Average speed camera roll-out to be halted...
The Tories are set to pledge an end to Labour's hated speed camera regime, by axing funding for new schemes and halting the spread of average speed checks if they win the next election
Shadow transport secretary Theresa Villiers is expected to make an announcement at the Tory conference today, but she has already been widely quoted in the media on the subject.
The Yorkshire Post picked up the story first last night, when it reported that in her speech today, Ms Villiers will say: "Labour's army of speed cameras is not the best way to make our roads safer. We will switch to alternative, better, ways to improve road safety.
"Labour's dependence on fixed speed cameras has blinded them to the effectiveness of the alternatives. It is time to say enough is enough on fixed speed cameras - we have reached the high water mark. A Conservative government would not fund any new speed cameras."
...according to MP Theresa Villiers
"Under Labour getting around has become a daily grind," Ms Villiers goes on to say. "If it is not endless traffic caused by road works where no one is working, it is the rogue clampers who use extortion and intimidation to extract huge fines. Police will still be responsible for enforcing and issuing tickets."
Under the Tory policy announcement expected today, new guidelines will be issued making councils responsible for locating and running cameras and scrapping the Safety Camera Partnership quangos that currently manage them.
Local councils will also be have to reveal to voters how much revenue is extracted in fines from every camera site, and no new ones will be allowed unless the council can demonstrate alternative safety policies will not be effective.

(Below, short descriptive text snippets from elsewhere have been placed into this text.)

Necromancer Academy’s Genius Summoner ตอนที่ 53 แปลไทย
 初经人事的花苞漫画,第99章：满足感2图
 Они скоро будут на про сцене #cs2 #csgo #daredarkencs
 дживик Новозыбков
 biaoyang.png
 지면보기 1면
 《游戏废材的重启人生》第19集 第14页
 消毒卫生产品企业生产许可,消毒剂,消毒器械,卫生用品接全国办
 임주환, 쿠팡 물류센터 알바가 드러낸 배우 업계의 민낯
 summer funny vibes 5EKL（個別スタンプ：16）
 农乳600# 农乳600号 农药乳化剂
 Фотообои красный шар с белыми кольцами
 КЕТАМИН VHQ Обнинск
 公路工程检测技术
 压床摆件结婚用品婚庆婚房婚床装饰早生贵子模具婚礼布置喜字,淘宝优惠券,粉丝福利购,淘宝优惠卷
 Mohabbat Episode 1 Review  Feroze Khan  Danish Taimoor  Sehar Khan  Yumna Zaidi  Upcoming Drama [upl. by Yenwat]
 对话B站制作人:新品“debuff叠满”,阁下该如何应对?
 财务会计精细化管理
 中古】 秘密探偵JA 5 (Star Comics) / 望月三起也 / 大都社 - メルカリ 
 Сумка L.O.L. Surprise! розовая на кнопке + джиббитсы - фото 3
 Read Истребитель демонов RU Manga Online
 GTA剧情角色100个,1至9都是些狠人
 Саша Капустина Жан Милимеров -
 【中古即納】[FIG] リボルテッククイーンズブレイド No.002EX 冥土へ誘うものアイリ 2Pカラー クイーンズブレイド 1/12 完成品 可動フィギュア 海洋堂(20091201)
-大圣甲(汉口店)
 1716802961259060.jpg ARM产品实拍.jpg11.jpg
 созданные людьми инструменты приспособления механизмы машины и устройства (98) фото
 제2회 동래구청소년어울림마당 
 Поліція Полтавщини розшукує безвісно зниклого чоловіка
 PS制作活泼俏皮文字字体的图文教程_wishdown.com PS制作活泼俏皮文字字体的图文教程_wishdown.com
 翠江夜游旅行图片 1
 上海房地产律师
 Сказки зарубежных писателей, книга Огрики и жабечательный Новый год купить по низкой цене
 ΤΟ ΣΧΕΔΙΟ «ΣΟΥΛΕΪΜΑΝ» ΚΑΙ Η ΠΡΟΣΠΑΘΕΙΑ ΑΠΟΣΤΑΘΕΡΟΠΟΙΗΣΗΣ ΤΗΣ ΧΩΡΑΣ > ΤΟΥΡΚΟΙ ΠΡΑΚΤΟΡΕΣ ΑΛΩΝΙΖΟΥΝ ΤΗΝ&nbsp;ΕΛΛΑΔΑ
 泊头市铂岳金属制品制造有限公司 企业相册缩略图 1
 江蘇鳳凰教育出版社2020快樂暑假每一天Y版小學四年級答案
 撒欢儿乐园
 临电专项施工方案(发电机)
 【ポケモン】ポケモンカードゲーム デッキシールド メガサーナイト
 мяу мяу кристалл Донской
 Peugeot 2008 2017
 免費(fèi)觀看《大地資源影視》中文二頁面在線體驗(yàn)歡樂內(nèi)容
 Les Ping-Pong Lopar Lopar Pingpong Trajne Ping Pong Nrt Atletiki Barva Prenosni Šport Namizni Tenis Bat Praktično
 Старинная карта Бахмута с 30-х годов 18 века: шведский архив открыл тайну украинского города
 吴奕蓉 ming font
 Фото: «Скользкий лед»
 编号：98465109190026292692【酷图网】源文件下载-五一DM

An extensive roll-out of average speed cameras planned under Labour will be scrapped, although they will still be allowed in motorway roadworks and at other sites where no alternative is suitable.
According to the Daily Mail, the government spends £97m on funding road safety. Under the Tory proposals, the money will be redirected away from cameras to improved road design and vehicle activated speed warning signs, the paper says.